> ACTIVITY
For this exercise, output exactly and only the lines running from the one with "Niebieski żakiet Reserved 36" through the final line of the data below, without pictures.

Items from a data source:
= Beginning of Section =
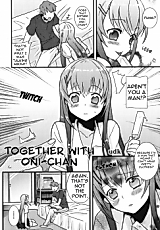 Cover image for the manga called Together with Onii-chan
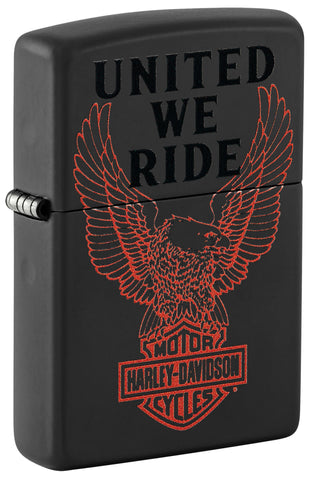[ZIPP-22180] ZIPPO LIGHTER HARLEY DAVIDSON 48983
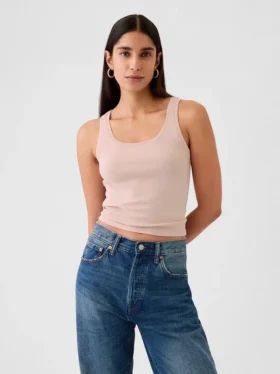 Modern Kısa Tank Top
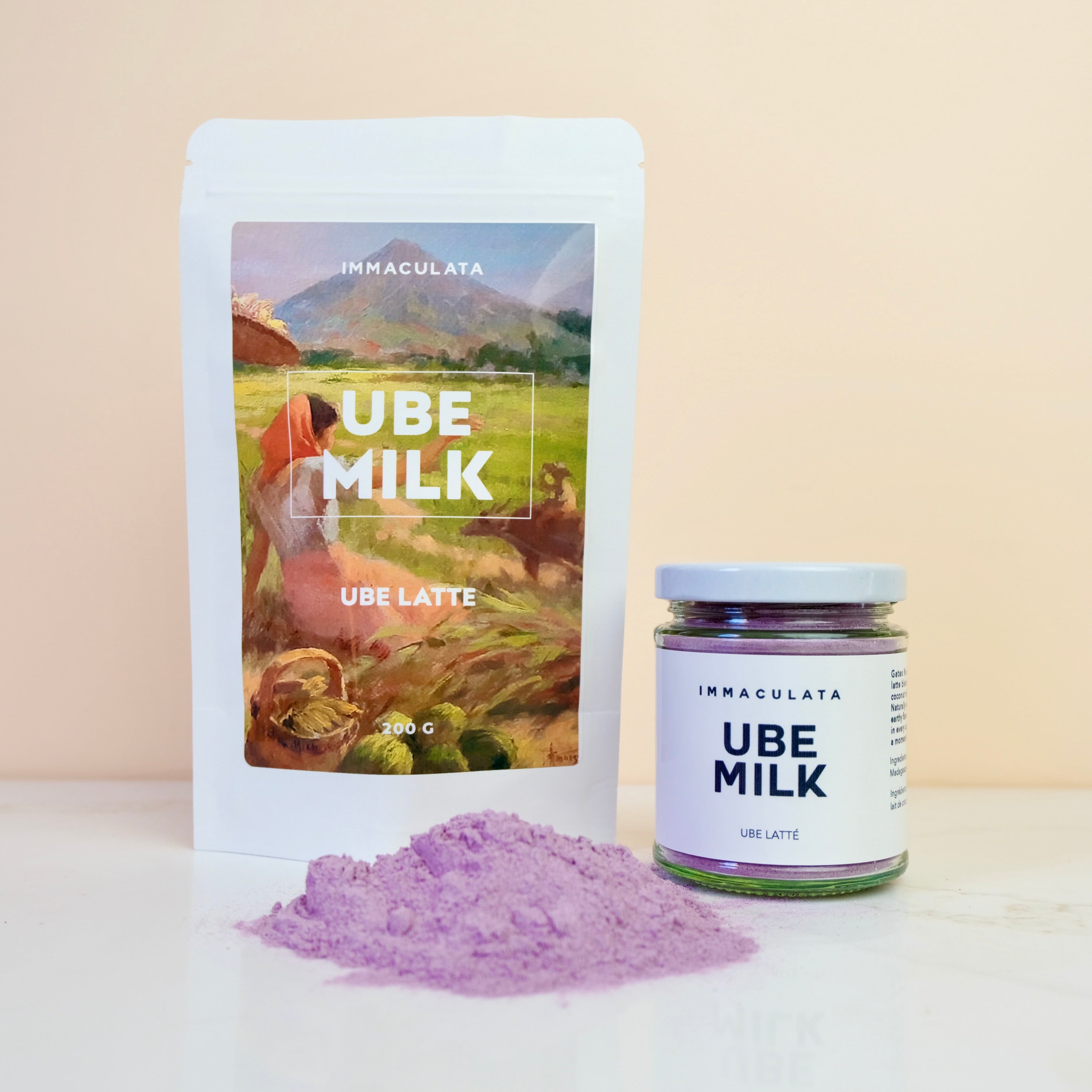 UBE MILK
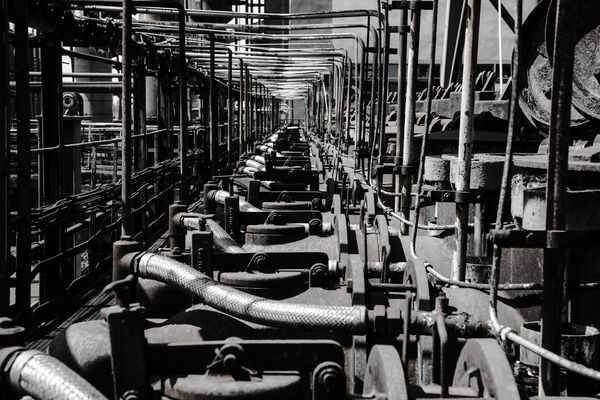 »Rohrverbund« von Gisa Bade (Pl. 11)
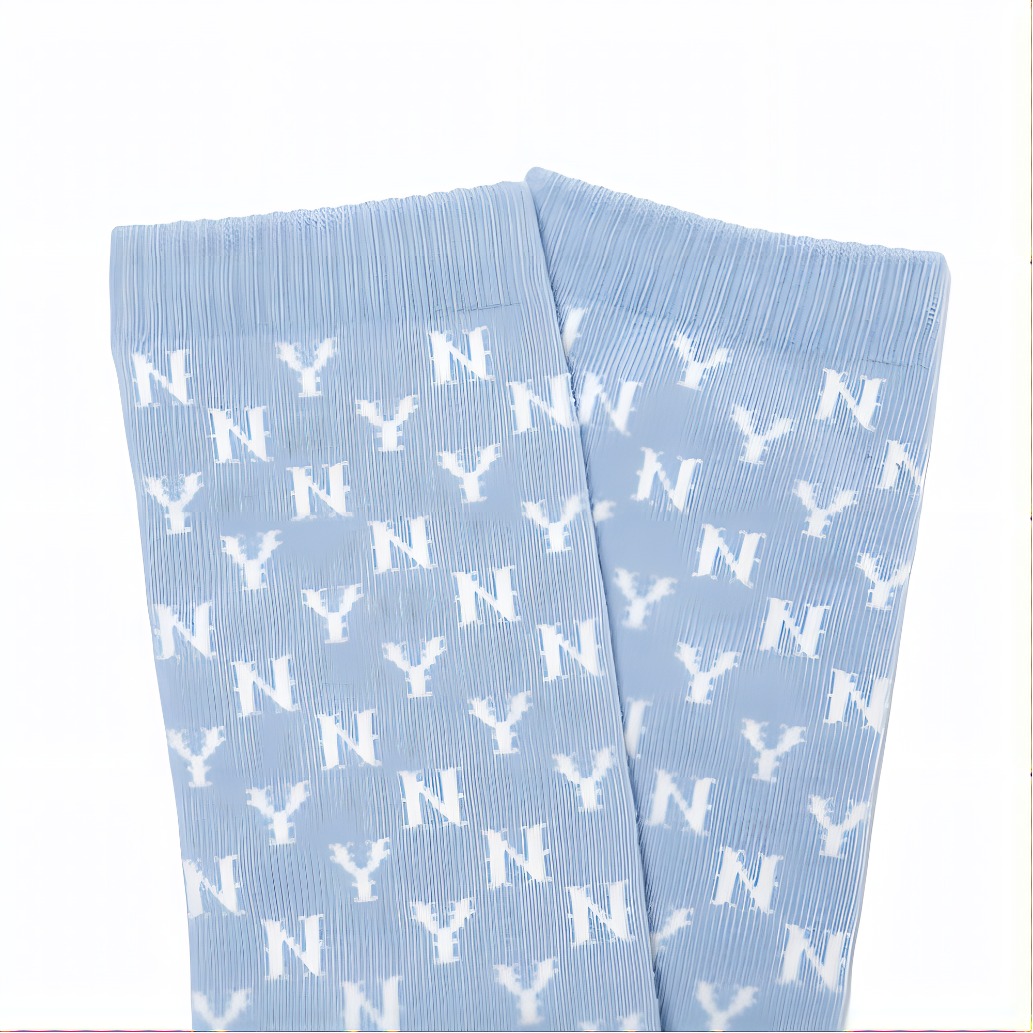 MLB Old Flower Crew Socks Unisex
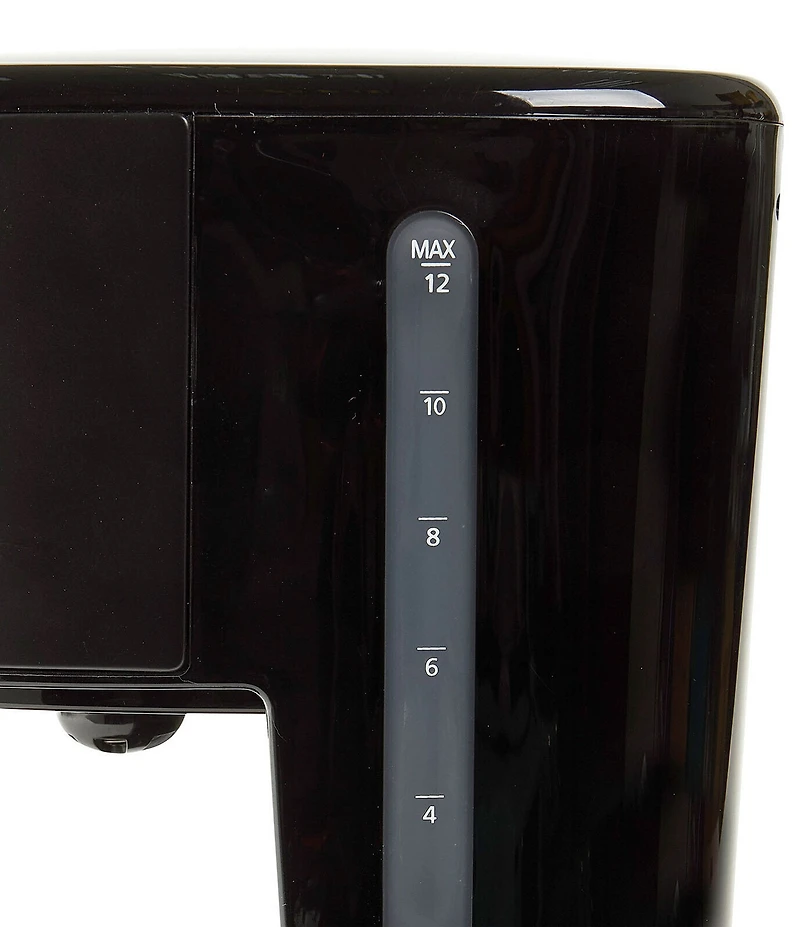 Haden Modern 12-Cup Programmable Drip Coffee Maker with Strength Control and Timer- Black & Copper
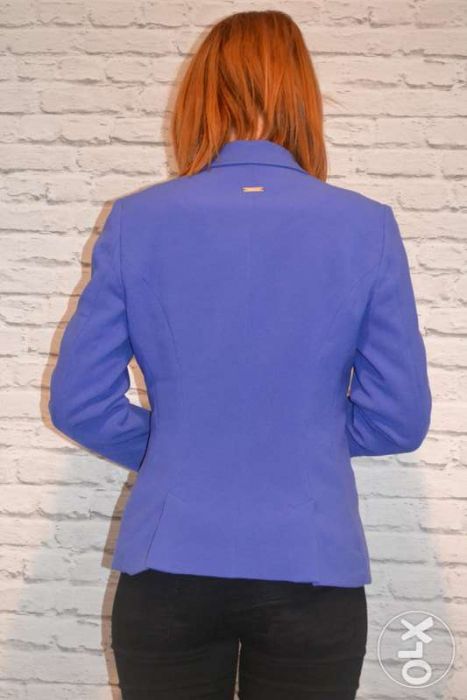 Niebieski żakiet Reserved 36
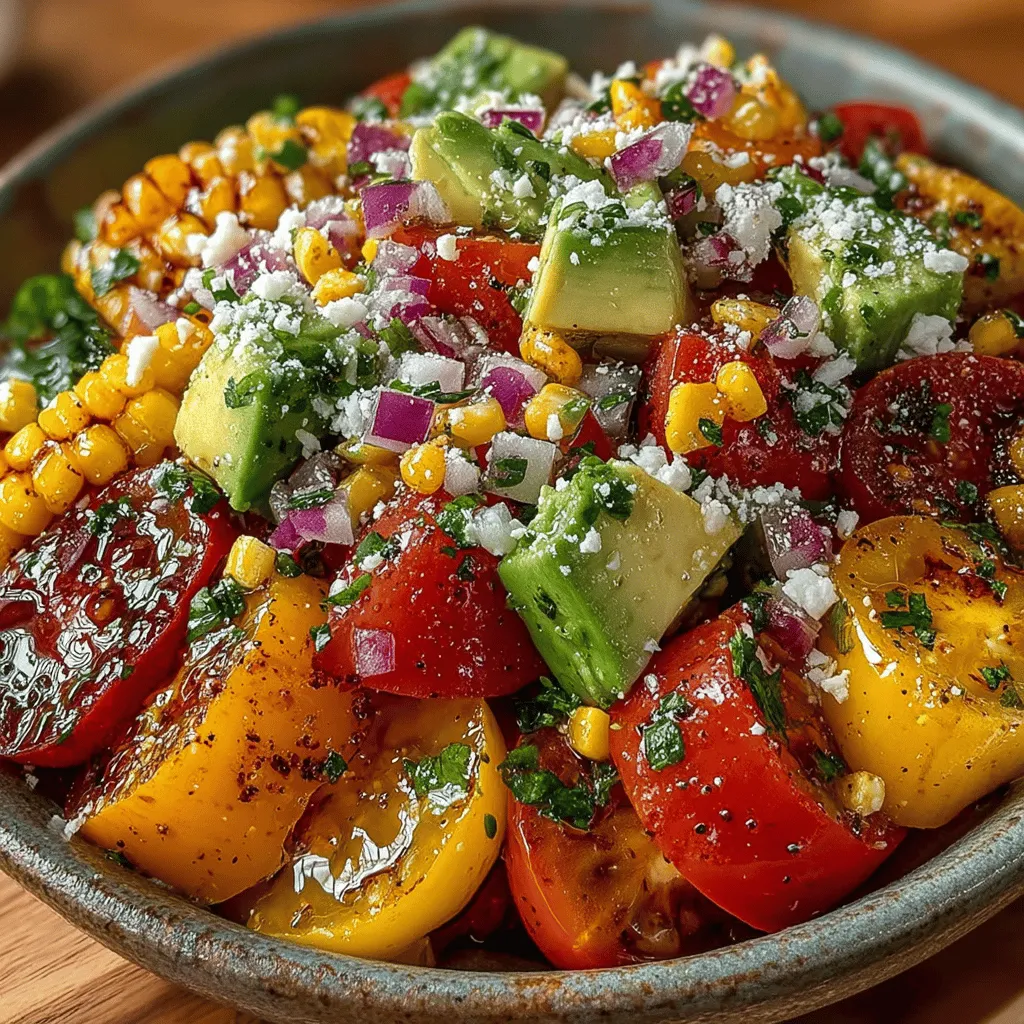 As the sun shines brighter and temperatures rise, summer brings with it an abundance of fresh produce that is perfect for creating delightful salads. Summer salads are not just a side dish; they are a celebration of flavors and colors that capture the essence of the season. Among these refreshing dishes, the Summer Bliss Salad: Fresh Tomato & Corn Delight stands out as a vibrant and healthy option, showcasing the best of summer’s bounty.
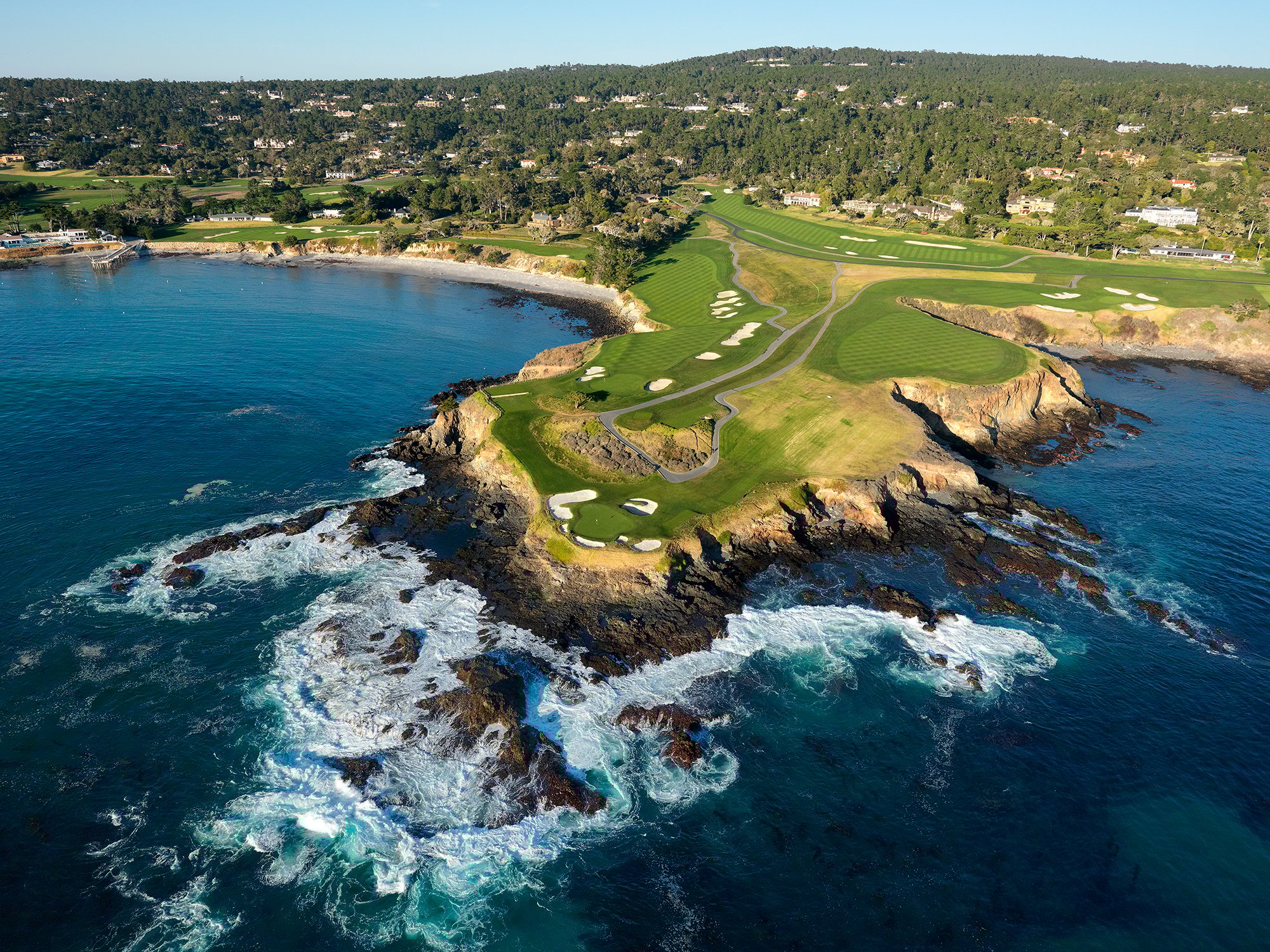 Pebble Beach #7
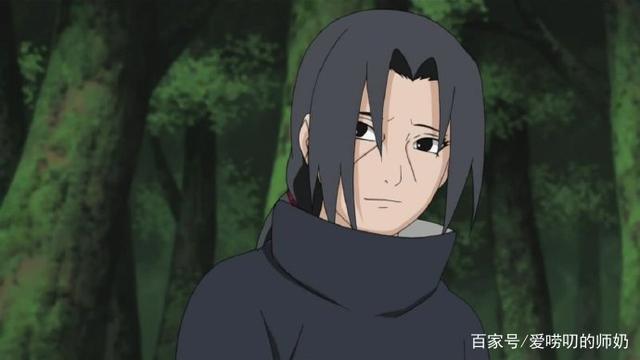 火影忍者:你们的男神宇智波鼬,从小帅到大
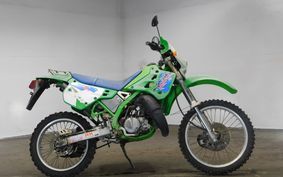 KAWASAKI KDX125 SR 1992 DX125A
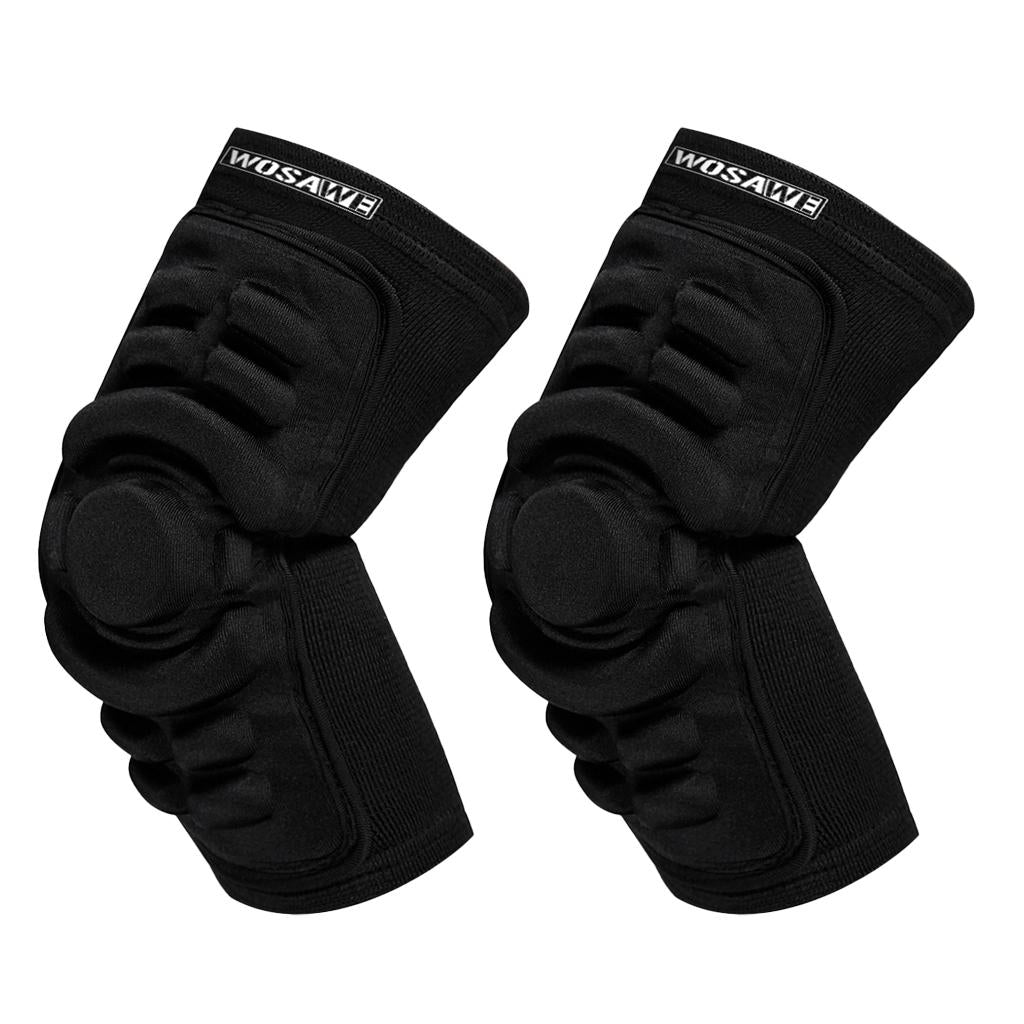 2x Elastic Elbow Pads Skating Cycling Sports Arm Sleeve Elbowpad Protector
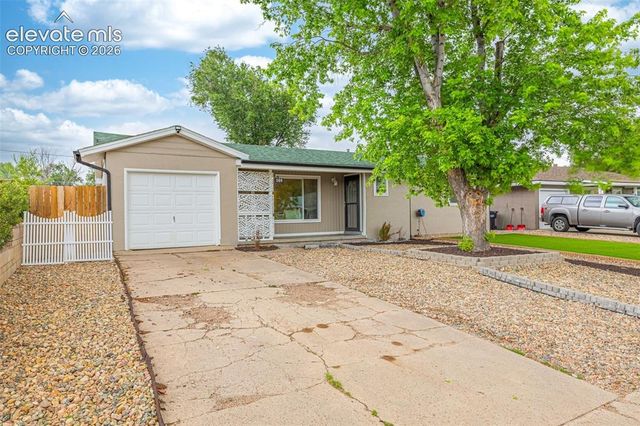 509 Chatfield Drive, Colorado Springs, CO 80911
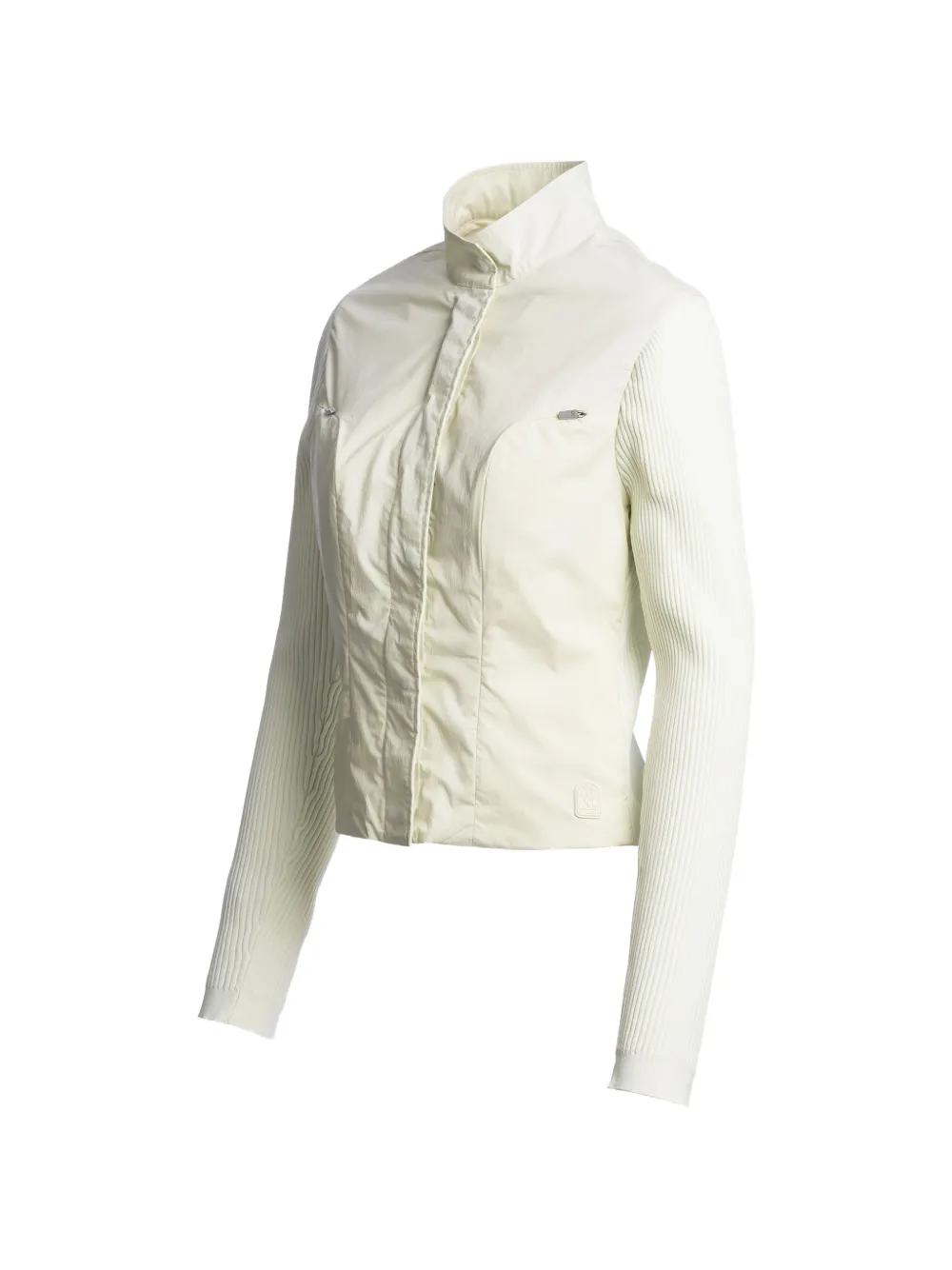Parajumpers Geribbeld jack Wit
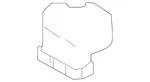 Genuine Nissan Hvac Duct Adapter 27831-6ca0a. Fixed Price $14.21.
= End of Section =
> RESULT FOR THIS EXERCISE
 Niebieski żakiet Reserved 36
 As the sun shines brighter and temperatures rise, summer brings with it an abundance of fresh produce that is perfect for creating delightful salads. Summer salads are not just a side dish; they are a celebration of flavors and colors that capture the essence of the season. Among these refreshing dishes, the Summer Bliss Salad: Fresh Tomato & Corn Delight stands out as a vibrant and healthy option, showcasing the best of summer’s bounty.
 Pebble Beach #7
 火影忍者:你们的男神宇智波鼬,从小帅到大
 KAWASAKI KDX125 SR 1992 DX125A
 2x Elastic Elbow Pads Skating Cycling Sports Arm Sleeve Elbowpad Protector
 509 Chatfield Drive, Colorado Springs, CO 80911
Parajumpers Geribbeld jack Wit
 Genuine Nissan Hvac Duct Adapter 27831-6ca0a. Fixed Price $14.21.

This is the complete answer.